2.2 OVERVIEW: QUERY TRANSFORMATION 
Analysis of a query is treated as a transformation problem. The query is 
transformed from an informal language into a more formal language, the DML. The 
transformation is done in two steps: (I) the query is transformed from English into 
an internal representation and (2) the internal representation is transformed into 
a DML. The transformations are driven by a non-serial surface structure analysis. 
This analysis is supported by non-structural referants which are focused on 
recognizing the intended use of words and/or word groups. 

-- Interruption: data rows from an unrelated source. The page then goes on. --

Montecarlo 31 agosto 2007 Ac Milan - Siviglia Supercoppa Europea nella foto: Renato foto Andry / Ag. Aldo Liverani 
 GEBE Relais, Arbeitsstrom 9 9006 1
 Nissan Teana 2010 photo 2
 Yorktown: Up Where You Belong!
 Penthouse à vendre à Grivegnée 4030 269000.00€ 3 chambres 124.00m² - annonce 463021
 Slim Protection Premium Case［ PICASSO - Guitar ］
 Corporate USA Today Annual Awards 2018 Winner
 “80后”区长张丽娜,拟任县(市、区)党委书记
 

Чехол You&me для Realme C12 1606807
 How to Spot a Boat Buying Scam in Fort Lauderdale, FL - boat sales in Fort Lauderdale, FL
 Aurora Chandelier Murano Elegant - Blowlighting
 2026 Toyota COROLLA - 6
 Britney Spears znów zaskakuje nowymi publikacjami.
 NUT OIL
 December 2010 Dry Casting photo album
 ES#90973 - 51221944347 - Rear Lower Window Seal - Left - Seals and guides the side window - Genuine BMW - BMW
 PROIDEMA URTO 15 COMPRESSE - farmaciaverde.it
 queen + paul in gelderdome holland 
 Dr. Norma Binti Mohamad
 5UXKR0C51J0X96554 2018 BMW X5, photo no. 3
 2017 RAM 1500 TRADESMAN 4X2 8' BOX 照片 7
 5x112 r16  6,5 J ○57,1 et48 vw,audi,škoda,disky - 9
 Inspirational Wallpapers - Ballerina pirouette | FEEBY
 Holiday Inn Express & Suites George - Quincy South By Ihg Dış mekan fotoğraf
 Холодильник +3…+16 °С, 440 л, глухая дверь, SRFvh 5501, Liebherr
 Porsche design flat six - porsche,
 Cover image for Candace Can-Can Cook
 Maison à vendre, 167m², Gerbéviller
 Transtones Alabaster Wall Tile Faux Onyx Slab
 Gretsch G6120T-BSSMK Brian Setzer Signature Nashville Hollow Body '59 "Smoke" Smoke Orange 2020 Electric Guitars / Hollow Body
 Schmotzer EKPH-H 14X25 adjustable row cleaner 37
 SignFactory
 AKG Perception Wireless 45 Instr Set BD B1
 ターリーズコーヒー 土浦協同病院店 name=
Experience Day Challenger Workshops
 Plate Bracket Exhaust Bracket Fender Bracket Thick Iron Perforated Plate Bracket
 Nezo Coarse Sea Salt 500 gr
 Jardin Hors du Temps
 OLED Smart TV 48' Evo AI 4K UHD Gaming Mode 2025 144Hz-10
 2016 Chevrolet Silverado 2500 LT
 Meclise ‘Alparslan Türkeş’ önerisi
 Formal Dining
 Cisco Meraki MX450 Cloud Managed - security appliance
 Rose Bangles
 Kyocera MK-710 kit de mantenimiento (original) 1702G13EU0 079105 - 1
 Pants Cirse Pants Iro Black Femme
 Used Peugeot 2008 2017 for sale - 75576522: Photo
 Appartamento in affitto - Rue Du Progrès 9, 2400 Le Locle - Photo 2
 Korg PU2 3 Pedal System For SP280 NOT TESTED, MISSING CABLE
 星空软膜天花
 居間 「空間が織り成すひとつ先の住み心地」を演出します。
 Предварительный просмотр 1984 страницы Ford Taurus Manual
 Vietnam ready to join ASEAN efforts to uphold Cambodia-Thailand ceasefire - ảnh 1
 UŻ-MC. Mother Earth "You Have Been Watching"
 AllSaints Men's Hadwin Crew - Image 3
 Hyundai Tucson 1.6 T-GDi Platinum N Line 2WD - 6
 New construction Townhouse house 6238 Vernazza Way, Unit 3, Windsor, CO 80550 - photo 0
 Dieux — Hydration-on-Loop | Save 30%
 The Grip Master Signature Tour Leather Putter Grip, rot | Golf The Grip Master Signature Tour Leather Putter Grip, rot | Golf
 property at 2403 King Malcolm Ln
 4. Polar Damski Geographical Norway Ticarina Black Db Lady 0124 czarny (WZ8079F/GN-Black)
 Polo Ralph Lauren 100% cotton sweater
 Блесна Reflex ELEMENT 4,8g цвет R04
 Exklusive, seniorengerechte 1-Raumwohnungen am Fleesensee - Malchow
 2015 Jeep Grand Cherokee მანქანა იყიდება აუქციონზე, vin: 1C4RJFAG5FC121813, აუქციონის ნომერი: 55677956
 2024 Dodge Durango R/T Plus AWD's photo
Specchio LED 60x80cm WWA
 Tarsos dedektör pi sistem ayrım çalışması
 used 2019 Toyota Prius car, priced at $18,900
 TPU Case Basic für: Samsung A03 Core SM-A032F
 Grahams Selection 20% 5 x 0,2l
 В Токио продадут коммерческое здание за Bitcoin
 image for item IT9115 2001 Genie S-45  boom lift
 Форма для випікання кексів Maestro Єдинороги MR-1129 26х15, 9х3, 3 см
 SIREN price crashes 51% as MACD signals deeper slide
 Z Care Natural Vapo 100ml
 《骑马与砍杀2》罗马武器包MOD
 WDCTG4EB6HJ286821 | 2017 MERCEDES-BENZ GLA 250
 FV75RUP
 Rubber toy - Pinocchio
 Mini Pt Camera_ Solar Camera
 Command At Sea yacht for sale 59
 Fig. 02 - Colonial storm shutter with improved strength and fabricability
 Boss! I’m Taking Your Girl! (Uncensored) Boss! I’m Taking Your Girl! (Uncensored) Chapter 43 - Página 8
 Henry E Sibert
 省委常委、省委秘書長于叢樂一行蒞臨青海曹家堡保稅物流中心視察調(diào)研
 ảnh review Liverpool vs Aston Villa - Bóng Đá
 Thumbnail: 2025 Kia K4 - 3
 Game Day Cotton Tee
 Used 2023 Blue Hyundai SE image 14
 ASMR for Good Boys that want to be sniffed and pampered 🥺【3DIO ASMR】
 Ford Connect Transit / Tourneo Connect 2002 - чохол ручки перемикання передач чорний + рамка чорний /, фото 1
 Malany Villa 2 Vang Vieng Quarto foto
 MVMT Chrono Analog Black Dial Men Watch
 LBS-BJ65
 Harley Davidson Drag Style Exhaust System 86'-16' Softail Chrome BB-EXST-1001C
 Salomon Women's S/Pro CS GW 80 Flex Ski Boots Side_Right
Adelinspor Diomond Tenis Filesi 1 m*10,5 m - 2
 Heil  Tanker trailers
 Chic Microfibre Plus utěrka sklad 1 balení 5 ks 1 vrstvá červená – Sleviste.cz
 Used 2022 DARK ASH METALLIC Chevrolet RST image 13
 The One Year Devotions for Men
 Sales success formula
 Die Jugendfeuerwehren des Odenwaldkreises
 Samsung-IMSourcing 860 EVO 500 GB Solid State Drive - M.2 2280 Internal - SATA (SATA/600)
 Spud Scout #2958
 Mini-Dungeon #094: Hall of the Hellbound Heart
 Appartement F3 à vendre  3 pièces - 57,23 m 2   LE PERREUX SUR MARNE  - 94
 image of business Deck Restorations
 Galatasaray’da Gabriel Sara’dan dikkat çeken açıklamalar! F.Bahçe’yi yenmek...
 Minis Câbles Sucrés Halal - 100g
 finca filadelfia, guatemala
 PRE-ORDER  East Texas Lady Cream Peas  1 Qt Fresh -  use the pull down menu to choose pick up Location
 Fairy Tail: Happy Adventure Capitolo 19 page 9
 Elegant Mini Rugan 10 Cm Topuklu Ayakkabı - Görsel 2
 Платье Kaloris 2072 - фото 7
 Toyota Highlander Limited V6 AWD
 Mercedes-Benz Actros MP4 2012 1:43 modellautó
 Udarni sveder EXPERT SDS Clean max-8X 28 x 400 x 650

The use of an internal intermediate representation of the query allows the 
determination of what is the desired information to be carried out in isolation 
from the peculiarities of the target DML. Also, by keeping the initial analysis of 
the query independent of the specific DML, the mechanism that puts the query in 
standard form will not have to be changed if the system is moved to a new DBMS with 
a different DML. This allows the analysis to be partitioned into two distinct 
phases: (a) transformation of the English query into a standard form and (b) 
subsequent construction of the DML query. 
A simplified frames (Minsky, 1975) type data structure called templates is used for 
use as the target internal representation. The analysis process includes 
identification of the template which best matches the query and the filling in of 
all the information needed to complete the stereotyped question. 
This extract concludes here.